→ **Your instructions**
Retype the lines below exactly, but only those from the line that has "Peş peşe gelen" through the line that has "The Rising Accumulation". Omit every picture.

→ **Records to process**
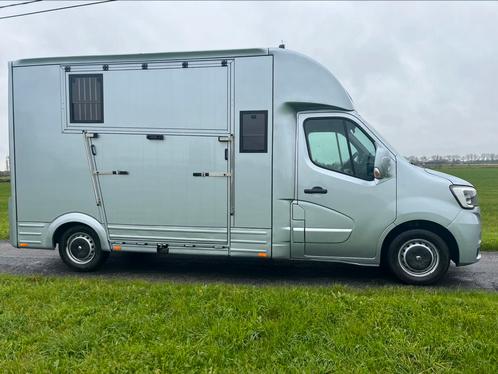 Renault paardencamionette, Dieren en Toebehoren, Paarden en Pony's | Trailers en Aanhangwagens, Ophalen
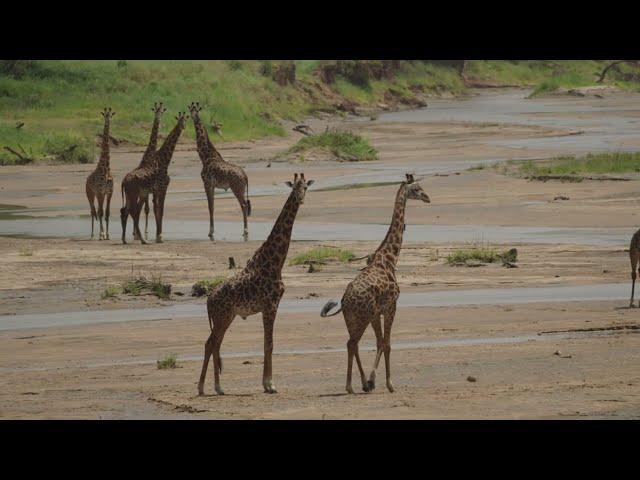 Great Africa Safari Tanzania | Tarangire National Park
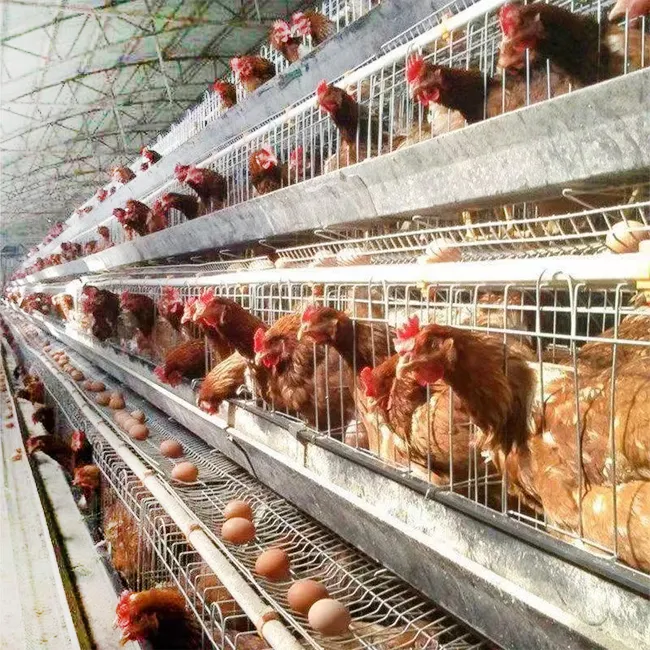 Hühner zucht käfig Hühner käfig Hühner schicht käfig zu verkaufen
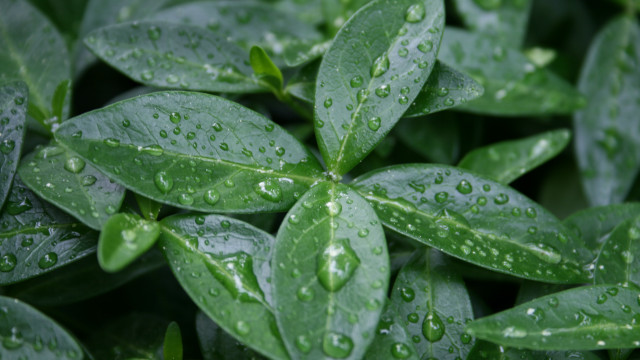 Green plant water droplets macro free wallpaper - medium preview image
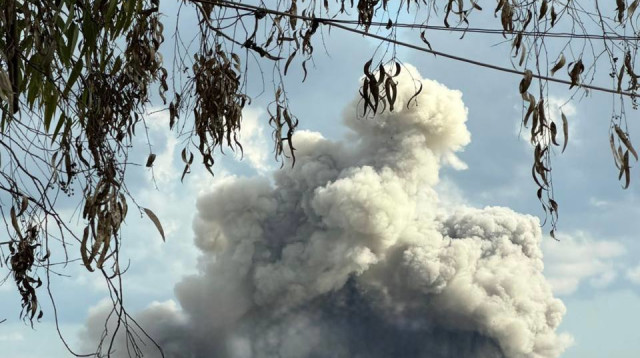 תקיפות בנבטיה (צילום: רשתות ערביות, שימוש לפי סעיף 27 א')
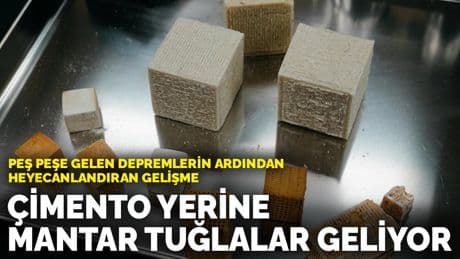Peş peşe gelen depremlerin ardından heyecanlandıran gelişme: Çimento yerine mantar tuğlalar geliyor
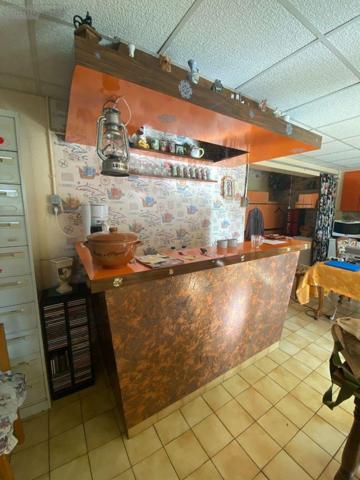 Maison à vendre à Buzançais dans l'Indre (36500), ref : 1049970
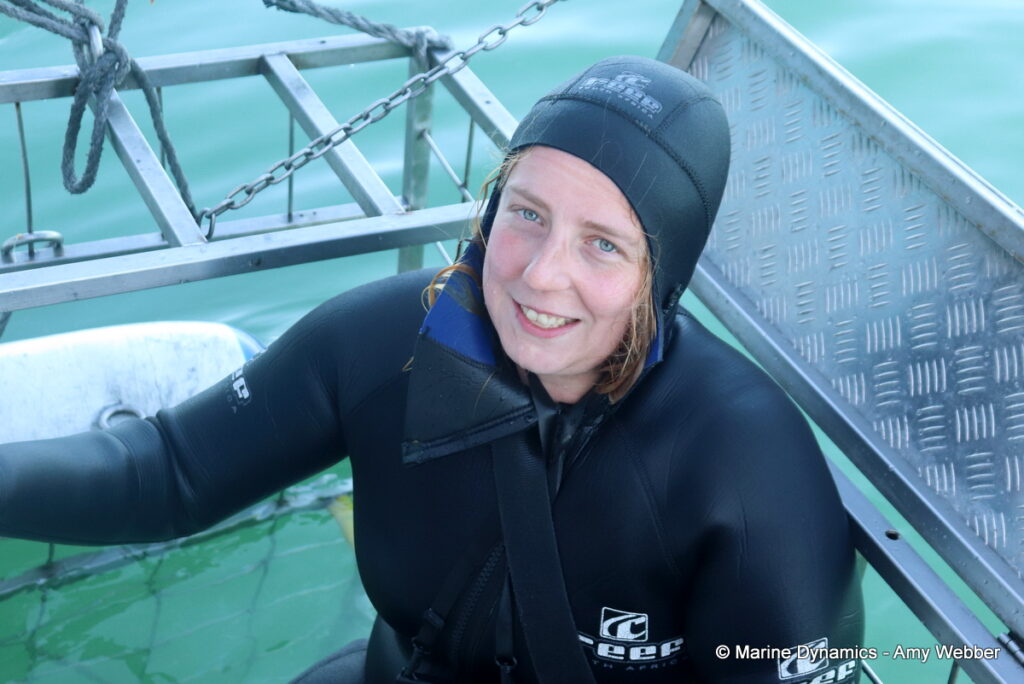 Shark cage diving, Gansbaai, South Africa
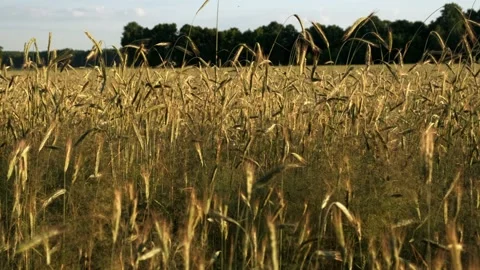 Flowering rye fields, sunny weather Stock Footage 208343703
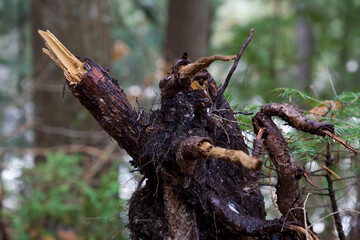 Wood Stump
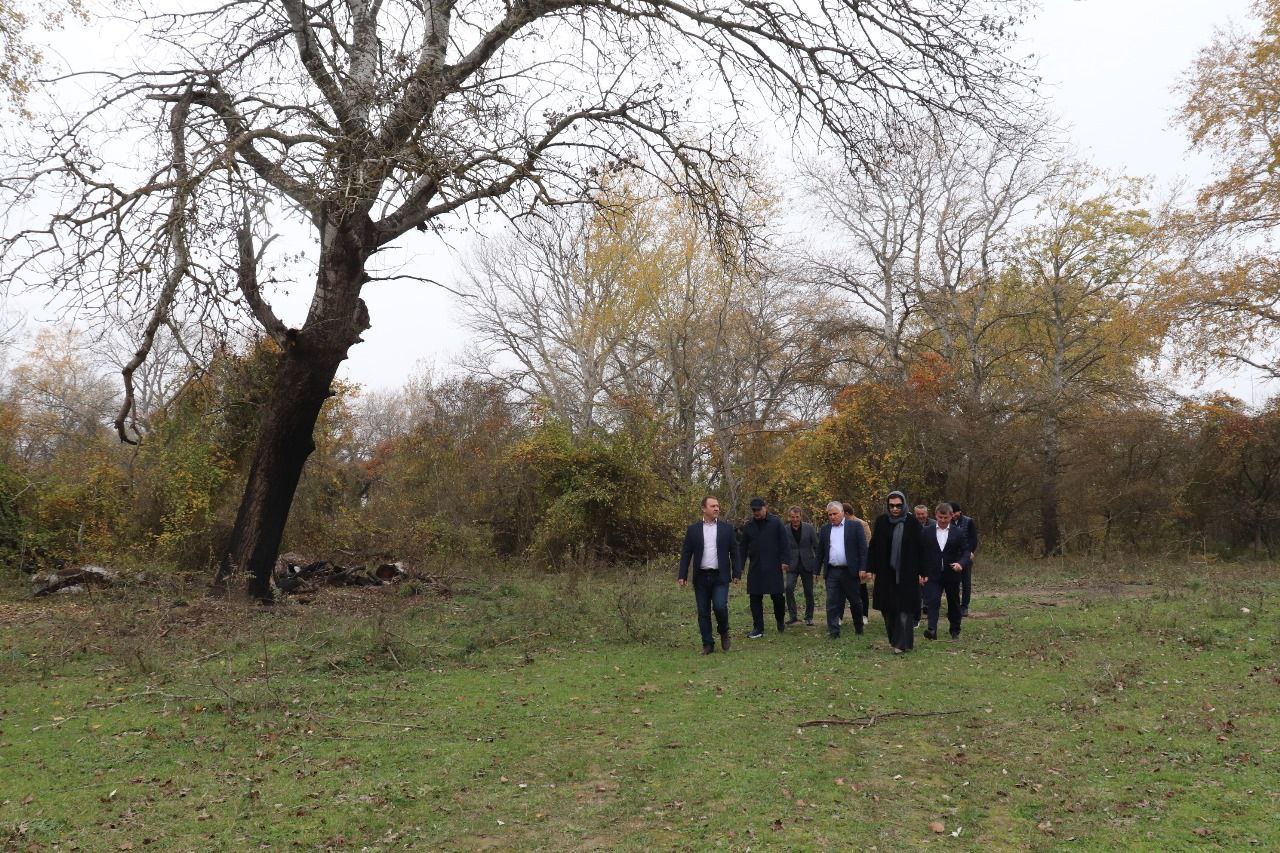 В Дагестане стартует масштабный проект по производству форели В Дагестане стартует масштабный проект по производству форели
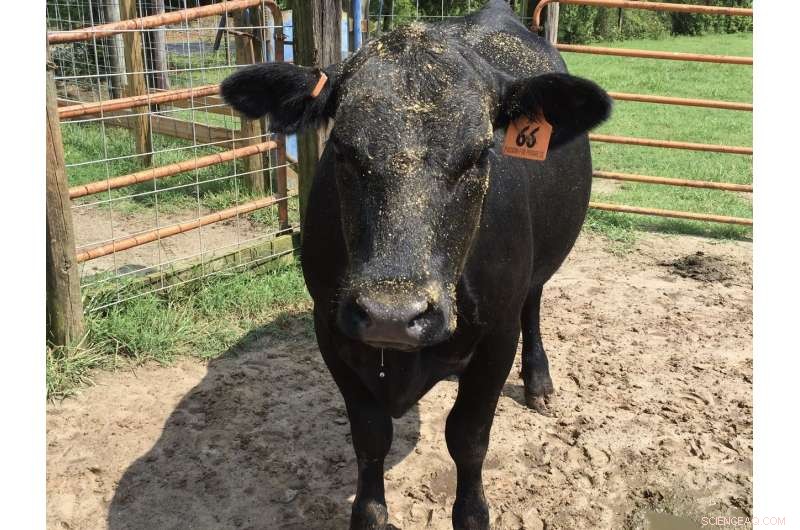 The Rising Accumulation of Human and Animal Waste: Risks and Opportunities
...
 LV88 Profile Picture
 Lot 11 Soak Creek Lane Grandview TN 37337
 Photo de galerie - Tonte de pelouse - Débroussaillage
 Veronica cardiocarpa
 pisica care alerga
--
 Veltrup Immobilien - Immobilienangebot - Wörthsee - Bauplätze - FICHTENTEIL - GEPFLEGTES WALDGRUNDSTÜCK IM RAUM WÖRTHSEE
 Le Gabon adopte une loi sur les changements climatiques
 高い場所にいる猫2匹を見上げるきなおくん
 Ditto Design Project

→ **Result**
Peş peşe gelen depremlerin ardından heyecanlandıran gelişme: Çimento yerine mantar tuğlalar geliyor
 Maison à vendre à Buzançais dans l'Indre (36500), ref : 1049970
 Shark cage diving, Gansbaai, South Africa
 Flowering rye fields, sunny weather Stock Footage 208343703
 Wood Stump
 В Дагестане стартует масштабный проект по производству форели В Дагестане стартует масштабный проект по производству форели
 The Rising Accumulation of Human and Animal Waste: Risks and Opportunities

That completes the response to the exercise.